### THE TASK
Give again, word for word, every line below from the one that has "王治郅老婆周蕾身高（19年，" through the one that has "17976 Entiat River Road Entiat WA 98822", both included, and no others.

### DATA RECORDS
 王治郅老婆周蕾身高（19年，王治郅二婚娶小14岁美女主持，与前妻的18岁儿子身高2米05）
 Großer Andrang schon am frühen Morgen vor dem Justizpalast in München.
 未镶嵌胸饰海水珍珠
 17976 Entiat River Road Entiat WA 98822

...

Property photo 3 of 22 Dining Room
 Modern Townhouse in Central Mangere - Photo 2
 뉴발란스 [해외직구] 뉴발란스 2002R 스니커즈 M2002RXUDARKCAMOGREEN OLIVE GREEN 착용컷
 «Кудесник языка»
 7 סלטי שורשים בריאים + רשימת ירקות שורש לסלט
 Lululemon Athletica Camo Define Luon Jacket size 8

---

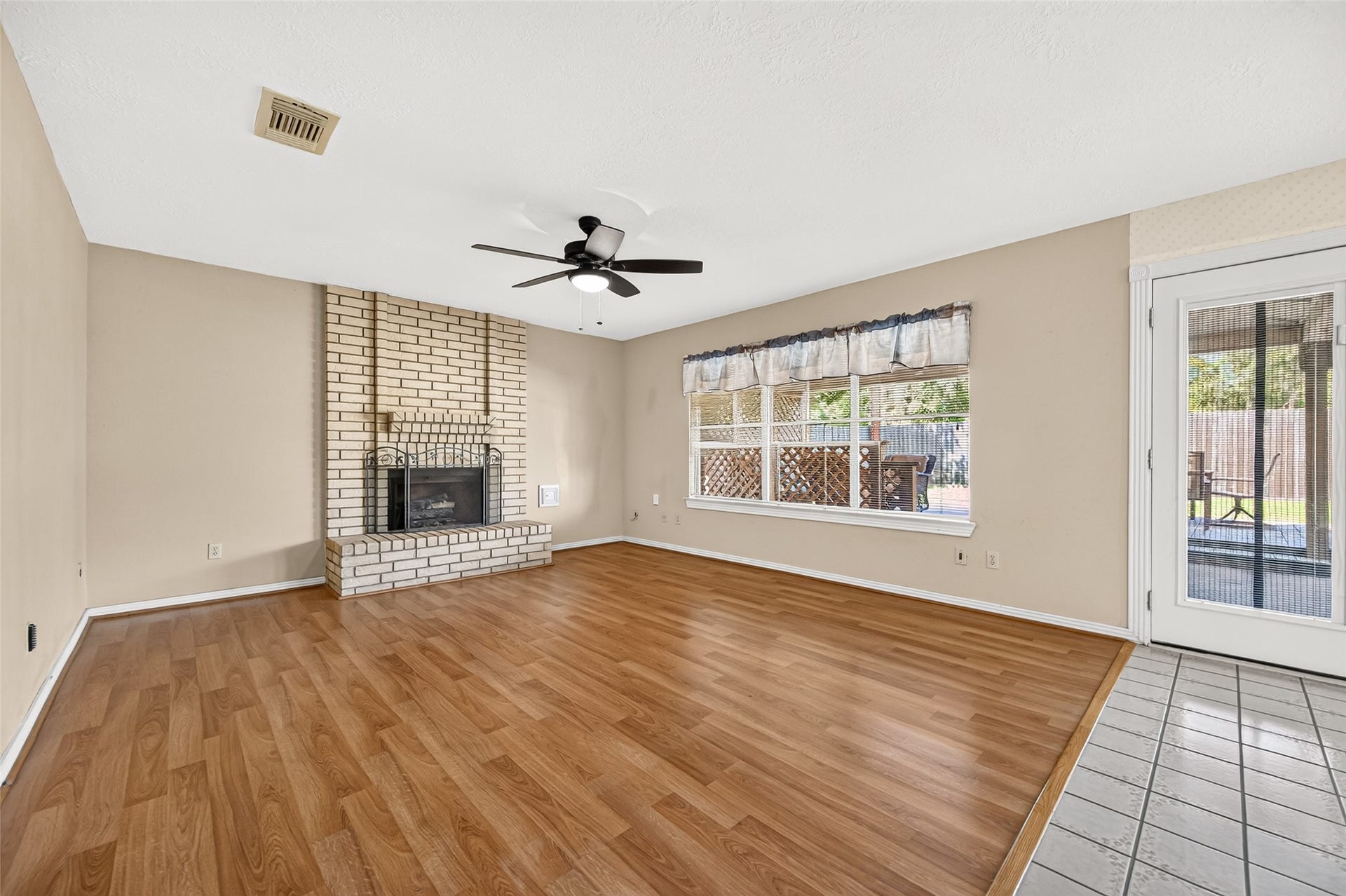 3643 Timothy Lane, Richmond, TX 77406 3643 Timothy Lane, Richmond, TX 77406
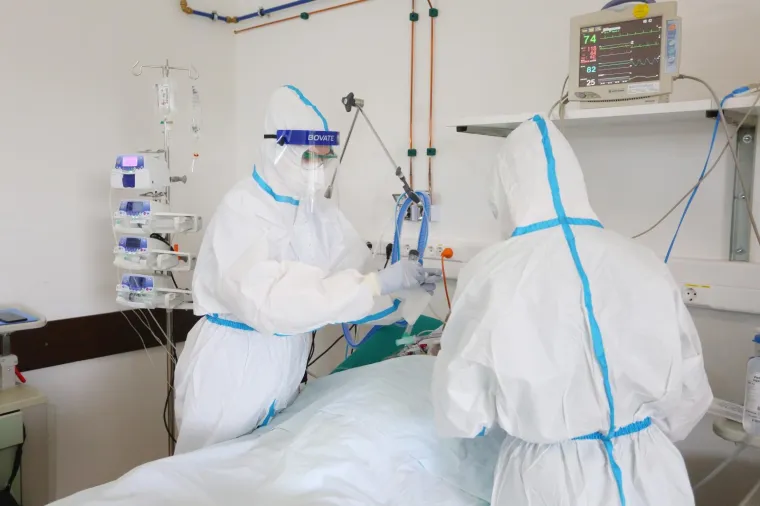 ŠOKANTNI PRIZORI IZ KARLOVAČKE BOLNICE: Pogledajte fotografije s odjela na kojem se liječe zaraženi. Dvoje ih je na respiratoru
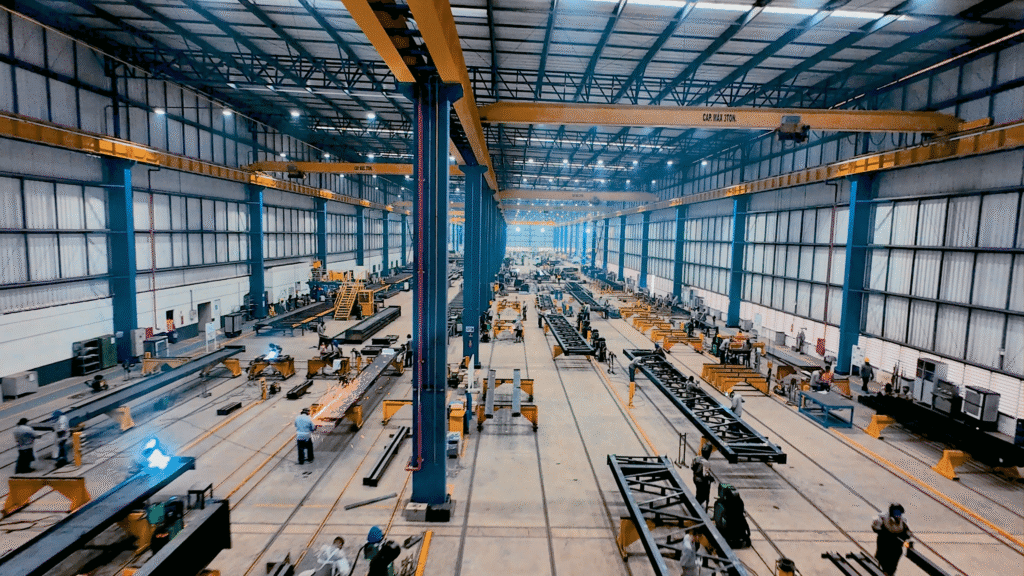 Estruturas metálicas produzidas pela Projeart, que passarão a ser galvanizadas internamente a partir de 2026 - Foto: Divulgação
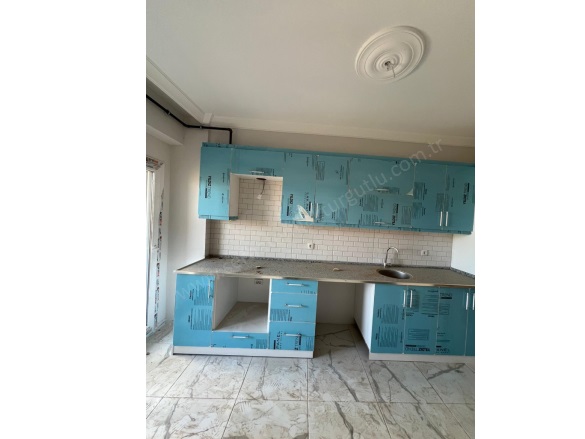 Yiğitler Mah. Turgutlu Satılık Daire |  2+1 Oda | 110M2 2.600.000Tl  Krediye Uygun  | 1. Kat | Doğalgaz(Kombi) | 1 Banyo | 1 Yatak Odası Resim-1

### OUTPUT FOR THIS EXERCISE
 王治郅老婆周蕾身高（19年，王治郅二婚娶小14岁美女主持，与前妻的18岁儿子身高2米05）
 Großer Andrang schon am frühen Morgen vor dem Justizpalast in München.
 未镶嵌胸饰海水珍珠
 17976 Entiat River Road Entiat WA 98822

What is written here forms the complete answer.